Artistic Director: Peter Rowe

Director: Peter Rowe

"It was good to see the Everyman Theatre full last night, with an atmosphere of anticipation and celebration... and what an appropriate production - Blues in the Night, a celebratory piece with music that leaves you tingling."

-Angela Heslop, Radio Merseyside.

A revival of award-winning writer Jim Hitchmough’s comedy which had first been staged at the Playhouse Studio before becoming a television series.

Artistic Director: Peter Rowe

Director:Noreen Kershaw

"Jim, the writer, described it to me as a love story in which the word love was never used. "

-Liverpool Daily Post, 06/03/95

A showing of the KLF film, made in August 1994 on Jura, in which Bill Drummond and Jimmy Cauty burnt a million pounds, provoked lively audience responses. Whilst Drummond and Cauty (along with their spokesman Chris Brooke and their roadie Gimpo) sat at a table in front of the film, the audience start by laughing, then heckling and slow hand clapping. Some leave; others yell. People want to know if it’s art. When the lights go up, chaos reigns.

Artistic Director: Peter Rowe

Director: Alan Goodrick

"Money to burn, Was it a crime? Was it madness? Was it Rock 'n' roll? Was it an obscenity? Was it art?"

-Liverpool Echo, 24/11/95

Written by Frankie Lyon’s son, Gary, the play told the story of Tommy Cooper’s early years entertaining the troops in Eygpt, where he starred with his forgotten sidekick Frankie. The play included comedy gags and sketches based on Frankie’s reminiscence to his son (he went on to become a sheet metal worker in Leeds) – and a magic routine using 2 doves.

Director: Peter Rowe

“They met in Egypt in 1946 through ENSA…both performing a solo act. But Tommy feels it might be beneficial if they throw their lot in together, and become a double act. The act is certainly not equal with Cooper dominating and Frankie becomes more of a straight man. And here we have the conflict, as Cooper the perfectionist rails against Frankie, not wanting to take limelight away from him. Gary Lyons’s drama gives a fascinating insight into the mind of this highly talented comic, and leaves us with the question: was he a genius or a monster or a little of both?”

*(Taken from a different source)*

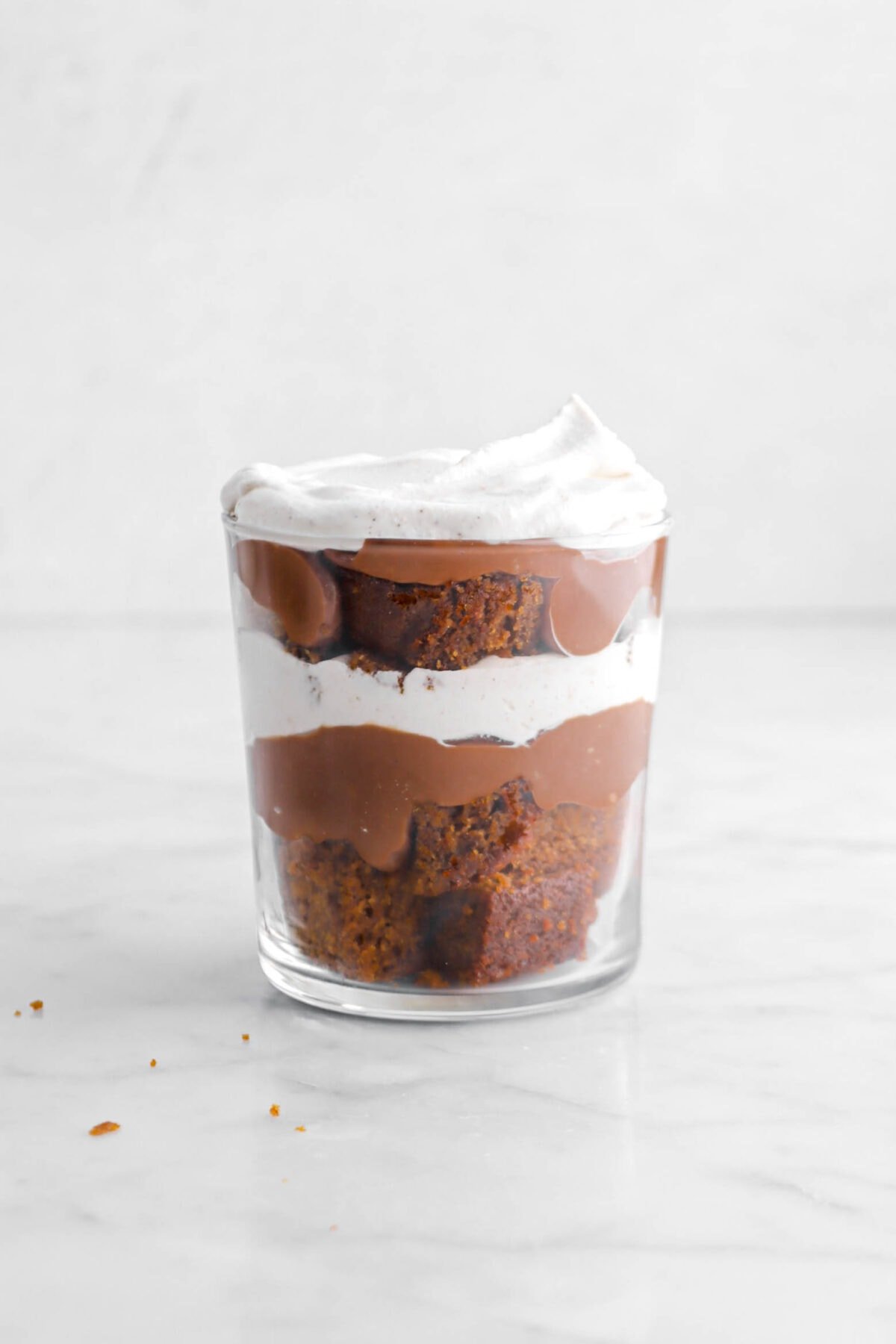 gingerbread trifle in glass.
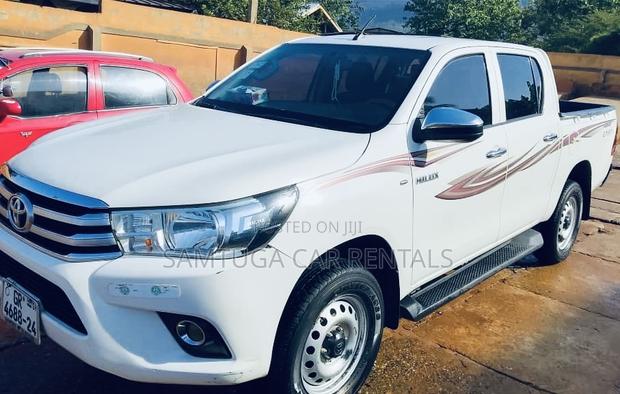 Toyota Hilux 2017 White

-Angela Heslop, BBC Radio Merseyside.

Andrew Cullen’s Scouse posited a reality of Merseyside as an independent state separated from the United Kingdom. The first new play commissioned, developed and produced by the Everyman since the theatre re-opened 3 years previously, it harked back to Liverpool based black comedies. Scouse was an instant hit, appealing once more to a broad base of non-theatregoing people making a return run in the same season.

Artistic Director: Peter Rowe

Director: Peter Rowe

"We're not asking for concessions; we are asking to be left alone. You English have never wanted Liverpool 's affections; you have only wanted her taxes, her labour and her river. When will you get the message? We don't want you here. "

-Andrew Cullen, Scouse

The theatre’s third ‘Beatles show’ was more of a ‘feel good’ celebration of the band’s music than either John, Paul, George, Ringo and Bert or Lennon.

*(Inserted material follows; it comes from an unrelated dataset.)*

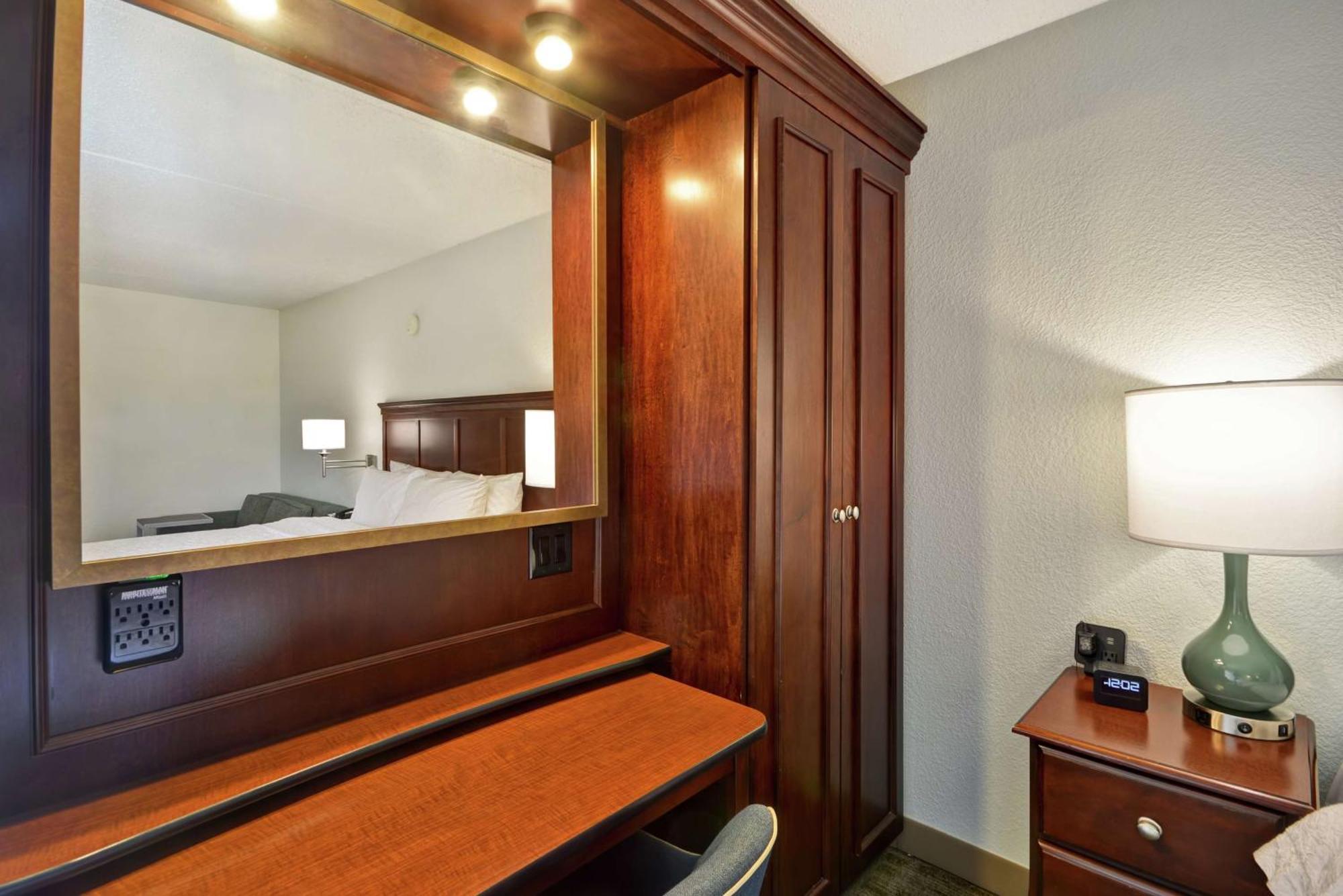 Hampton Inn Detroit Madison Heights South Troy Eksteriør bilde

Artistic Director: Peter Rowe

Director: Carl Chase

" Hot Pepper: The feelgood factor HAS arrived - at the Everyman Theatre, at least. Says administrator Kevin Fearon: 'We've had people laughing, crying, hugging each other'"

-Liverpool Echo, 30/08/96

Described as a Boys from the Blackstuff for the 90s, Tony Booth made his first stage appearance at the Everyman playing Jack, the 60-year-old rebel, one of three house-painters decorating a dingy Dublin tenement for a dodgy contractor. The run of the play included a benefit performance for the striking Liverpool Dockers.

Artistic Director: Jo Beddoe

Director: Robert Delamere

"Tony Booth plays Jack, 60, a rebel who has seen it all, one of three house painters….the other two are younger, more in tune with these dog-eat-dog times of screwed-down wages and no job security. But Jack rebels when he is passed over for the job of the foreman, hoping to conjure the spirit of solidarity past, meeting instead only the grimmer realities of today…If the spirit of Robert Tressell’s The Ragged Trousered Philanthropists seems to hang lightly over its gritty humour and piercing insights, then all concerned take it as a compliment "

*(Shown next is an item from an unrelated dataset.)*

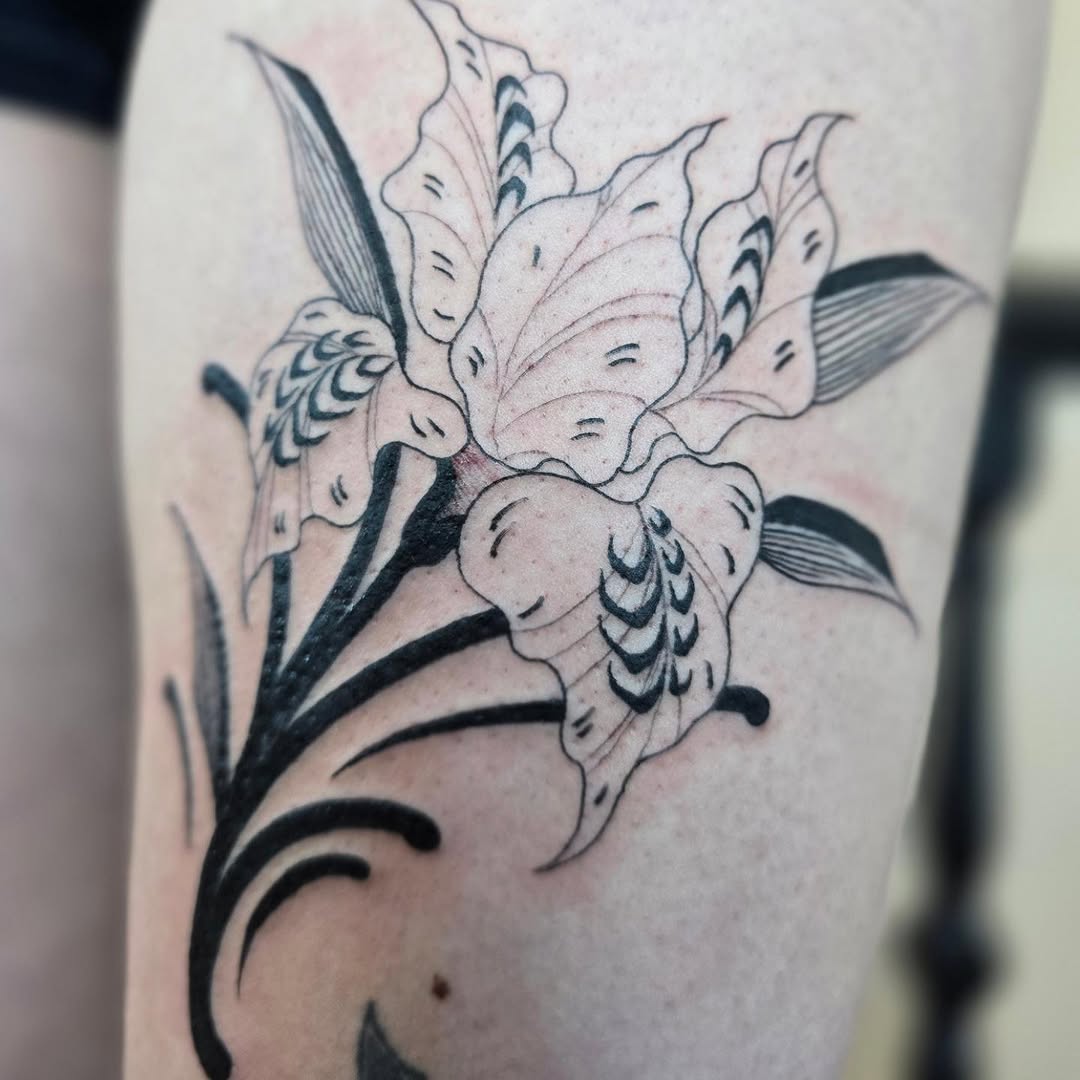 Tattoo by @taylornichole.tattoos — black_and_grey, illustrative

- Gillian Reynolds, Daily Telegraph, 27/9/97

Liverpool born, Helen Blakeman went on to win the most promising playwright of the year (George Devine Award) with the black comedy Caravan. The cast were also from Liverpool and this was one of two productions produced "in house", yet one that had started life at the Bush theatre in London.

Artistic Director: Kevin Fearon

Director: Andy Farrell

" Helen returns to the theatre where she started: next week is special - even in the already meteoric career of Liverpool writer Helen Blakeman. She returns to the theatre where she started as an usher for the Merseyside premiere of her first play..'The fact that it's one of only two plays being home-produced this season is icing on the cake'."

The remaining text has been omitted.